Task requirements.
For each entry, return the text exactly and omit any image.
● ● ● ●
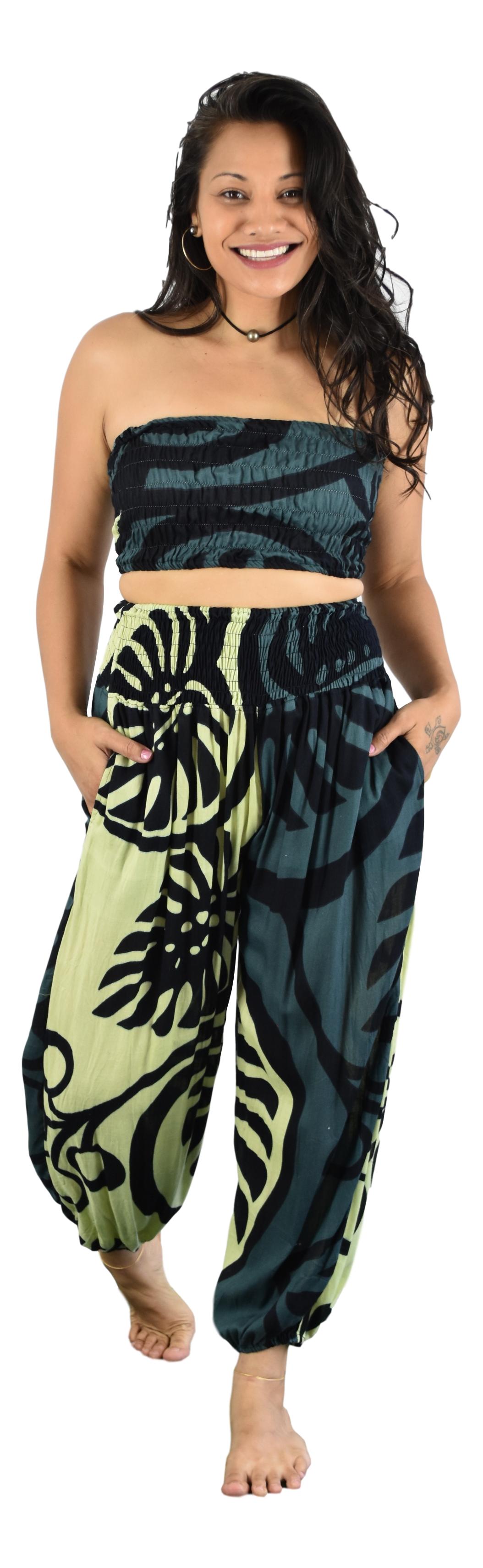 Yoga pants and bandeau sets collection — relaxed one-size rayon resortwear shipped from the USA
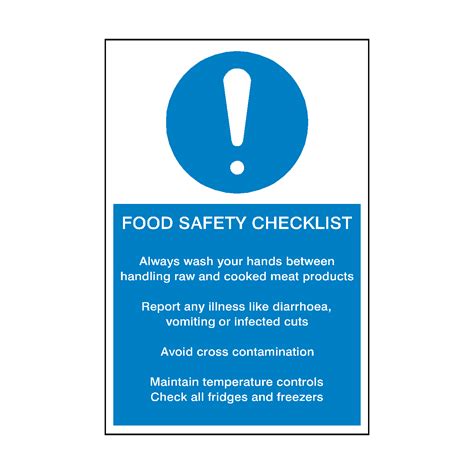 Food Safety Checklist Sign Pvc Safety Signs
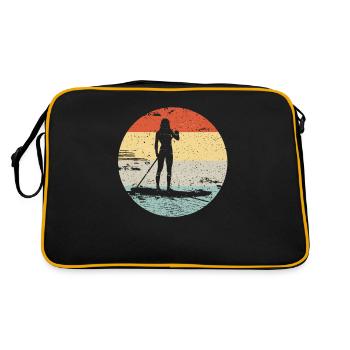 Paddle Board SUP Vintage Look Gift - Retro Bag - black/gold - Back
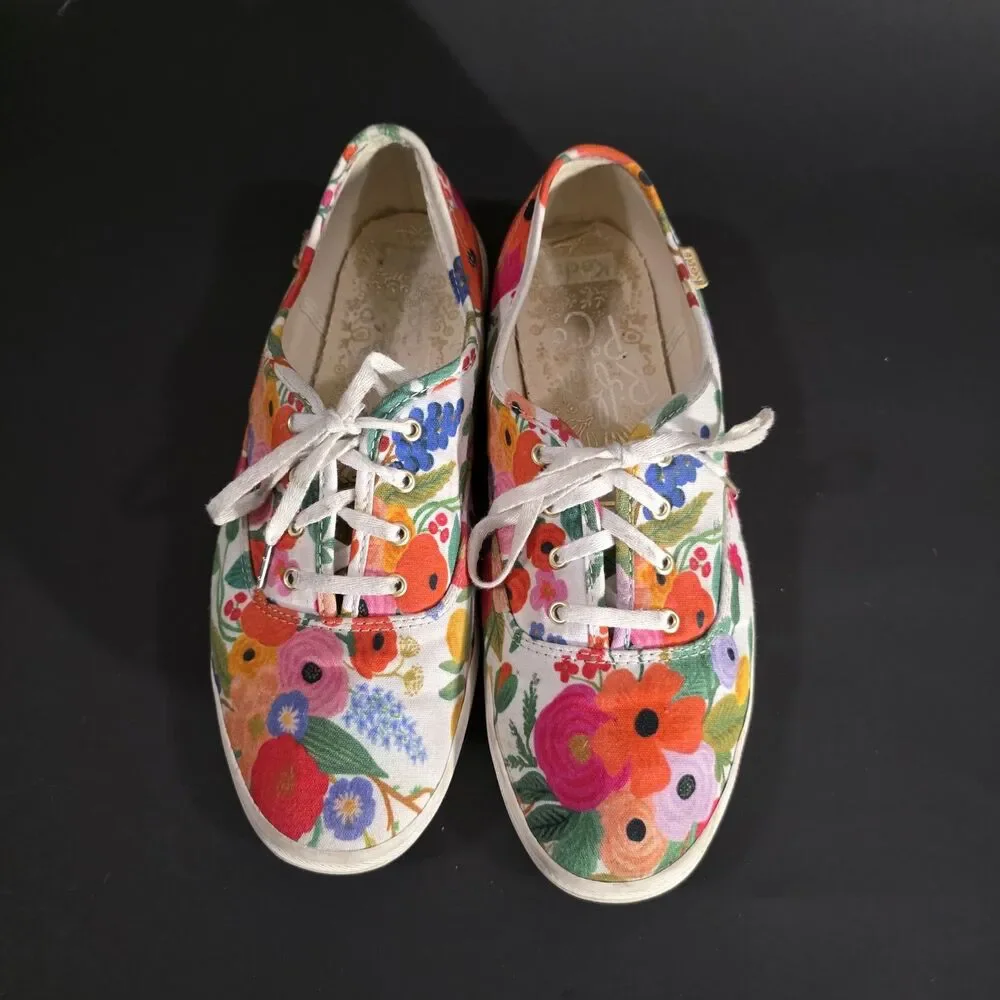 Keds Womens Floral Canvas Sneakers sz 8.5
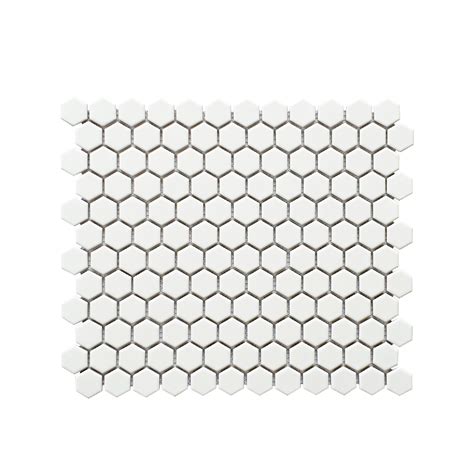 Mosaic Mozza Tile Hexa Mini Matte White 23x26mm 260x300mm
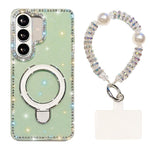 Custodia per telefono antiurto con bracciale e supporto magnetico IMD a doppia faccia con strass, antiurto., For Samsung Galaxy S26 5G, For Samsung Galaxy S25 FE 5G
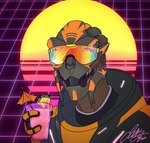 1980s_theme armor beverage bodypaint eyewear face_paint facial_scar male open_mouth scar solo sunglasses synthwave teeth tongue umbrella_drink keroa bioware electronic_arts mass_effect fabius_selacius alien turian hi_res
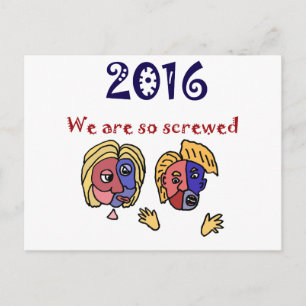 2016おもしろい年選挙フラストレーション漫画 ポストカード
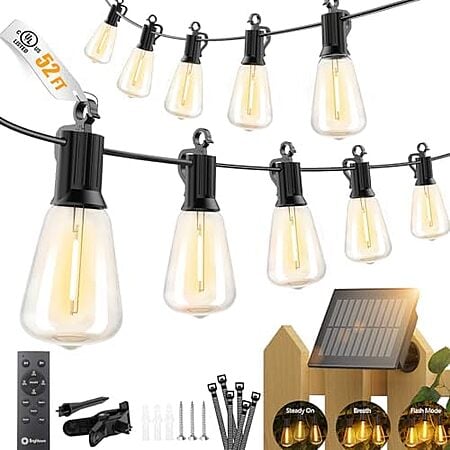 [AC] $15.58 | 52' Brightown Outdoor Waterproof Solar String Lights w/ Remote at Amazon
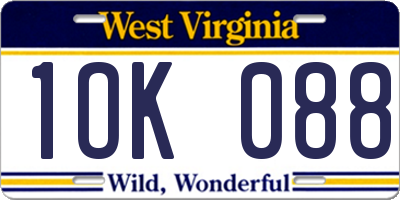 WV license plate 1OK088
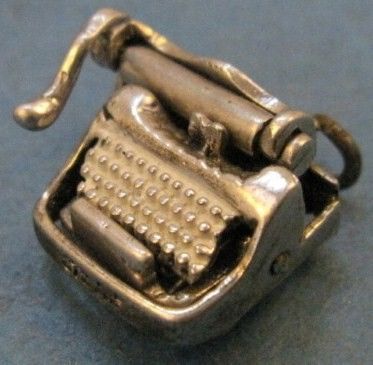 Vintage Silver Secretary Typewriter Charm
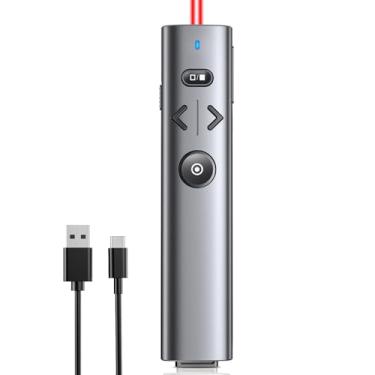 Imagem de Clicker de apresentação sem fio com ponteiro de luz vermelha, clicker para apresentações PowerPoint com controle de volume, apresentador de longo alcance recarregável para Google Slide Keynote PC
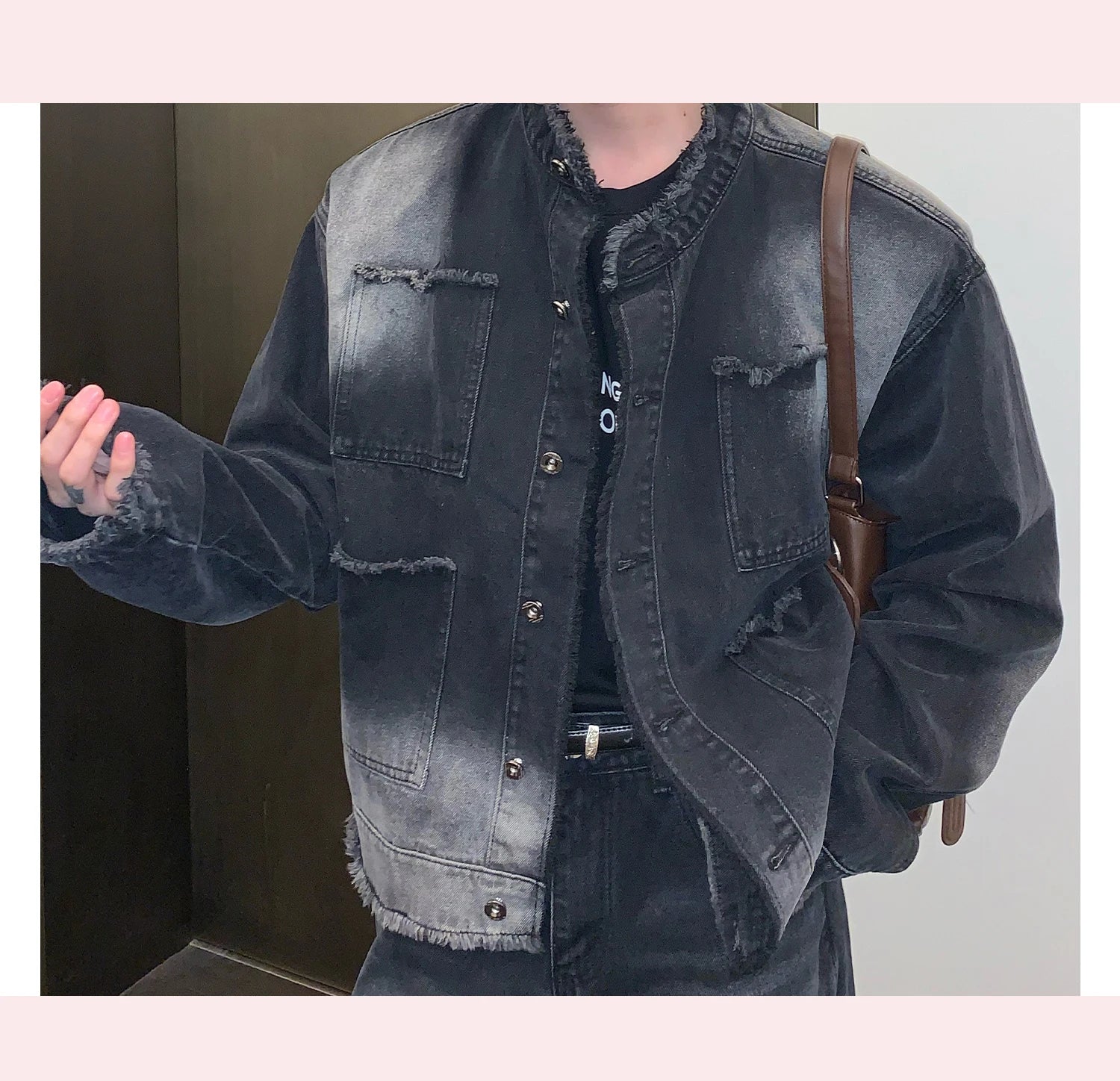 Men's Casual Washed Denim Jacket Streetwear Ripped Stand Collar Texture Korean Harajuku Retro Long Sleeve Luxury Coat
● ● ● ●
Answer to this problem.
 Yoga pants and bandeau sets collection — relaxed one-size rayon resortwear shipped from the USA
 Food Safety Checklist Sign Pvc Safety Signs
 Paddle Board SUP Vintage Look Gift - Retro Bag - black/gold - Back
 Keds Womens Floral Canvas Sneakers sz 8.5
 Mosaic Mozza Tile Hexa Mini Matte White 23x26mm 260x300mm
 Custodia per telefono antiurto con bracciale e supporto magnetico IMD a doppia faccia con strass, antiurto., For Samsung Galaxy S26 5G, For Samsung Galaxy S25 FE 5G
 1980s_theme armor beverage bodypaint eyewear face_paint facial_scar male open_mouth scar solo sunglasses synthwave teeth tongue umbrella_drink keroa bioware electronic_arts mass_effect fabius_selacius alien turian hi_res
 2016おもしろい年選挙フラストレーション漫画 ポストカード
 [AC] $15.58 | 52' Brightown Outdoor Waterproof Solar String Lights w/ Remote at Amazon
 WV license plate 1OK088
 Vintage Silver Secretary Typewriter Charm
 Imagem de Clicker de apresentação sem fio com ponteiro de luz vermelha, clicker para apresentações PowerPoint com controle de volume, apresentador de longo alcance recarregável para Google Slide Keynote PC
 Men's Casual Washed Denim Jacket Streetwear Ripped Stand Collar Texture Korean Harajuku Retro Long Sleeve Luxury Coat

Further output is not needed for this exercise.